== WORK ORDER ==
The output should be exactly the lines from the one containing "Scatola SEMPREDONNA. Contiene" through the last line of the records, and only those.

== THE DATA ==

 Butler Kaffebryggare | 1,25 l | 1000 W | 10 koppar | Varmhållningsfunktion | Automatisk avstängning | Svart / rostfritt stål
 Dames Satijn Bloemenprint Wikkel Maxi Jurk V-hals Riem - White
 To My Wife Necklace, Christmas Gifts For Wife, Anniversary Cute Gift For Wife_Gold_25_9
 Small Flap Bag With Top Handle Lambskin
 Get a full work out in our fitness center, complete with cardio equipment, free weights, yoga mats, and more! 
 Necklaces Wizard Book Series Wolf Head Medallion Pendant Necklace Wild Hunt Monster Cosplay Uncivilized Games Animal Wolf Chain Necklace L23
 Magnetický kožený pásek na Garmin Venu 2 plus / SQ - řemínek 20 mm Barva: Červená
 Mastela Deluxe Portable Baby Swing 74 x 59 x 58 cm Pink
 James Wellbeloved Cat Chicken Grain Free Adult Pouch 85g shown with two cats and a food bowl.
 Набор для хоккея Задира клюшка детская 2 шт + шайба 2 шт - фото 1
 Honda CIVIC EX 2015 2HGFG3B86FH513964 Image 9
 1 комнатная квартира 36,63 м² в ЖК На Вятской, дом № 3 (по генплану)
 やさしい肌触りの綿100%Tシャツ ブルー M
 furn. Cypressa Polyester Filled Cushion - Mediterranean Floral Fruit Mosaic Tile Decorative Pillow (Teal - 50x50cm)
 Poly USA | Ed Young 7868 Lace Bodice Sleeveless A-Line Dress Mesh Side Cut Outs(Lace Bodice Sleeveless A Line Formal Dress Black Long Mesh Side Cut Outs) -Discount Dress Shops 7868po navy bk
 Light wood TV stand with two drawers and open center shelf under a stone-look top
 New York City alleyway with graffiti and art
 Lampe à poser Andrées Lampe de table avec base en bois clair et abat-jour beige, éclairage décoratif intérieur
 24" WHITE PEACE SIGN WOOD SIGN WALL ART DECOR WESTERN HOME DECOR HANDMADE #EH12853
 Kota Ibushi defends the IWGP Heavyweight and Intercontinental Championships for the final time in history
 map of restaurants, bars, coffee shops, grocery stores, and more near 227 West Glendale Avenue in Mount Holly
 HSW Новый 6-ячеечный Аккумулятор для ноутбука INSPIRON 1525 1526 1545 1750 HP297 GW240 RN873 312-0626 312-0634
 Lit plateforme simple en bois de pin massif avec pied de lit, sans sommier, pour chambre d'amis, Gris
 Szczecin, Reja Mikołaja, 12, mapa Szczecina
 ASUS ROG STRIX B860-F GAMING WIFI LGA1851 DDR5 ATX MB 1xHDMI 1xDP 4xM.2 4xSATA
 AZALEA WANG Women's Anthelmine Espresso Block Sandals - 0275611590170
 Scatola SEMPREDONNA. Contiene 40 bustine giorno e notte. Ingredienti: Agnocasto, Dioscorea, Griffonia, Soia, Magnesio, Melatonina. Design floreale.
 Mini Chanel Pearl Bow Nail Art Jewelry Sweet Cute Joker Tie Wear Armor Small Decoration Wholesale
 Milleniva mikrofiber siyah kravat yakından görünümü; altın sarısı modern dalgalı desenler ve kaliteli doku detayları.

== THE ANSWER ==
 Scatola SEMPREDONNA. Contiene 40 bustine giorno e notte. Ingredienti: Agnocasto, Dioscorea, Griffonia, Soia, Magnesio, Melatonina. Design floreale.
 Mini Chanel Pearl Bow Nail Art Jewelry Sweet Cute Joker Tie Wear Armor Small Decoration Wholesale
 Milleniva mikrofiber siyah kravat yakından görünümü; altın sarısı modern dalgalı desenler ve kaliteli doku detayları.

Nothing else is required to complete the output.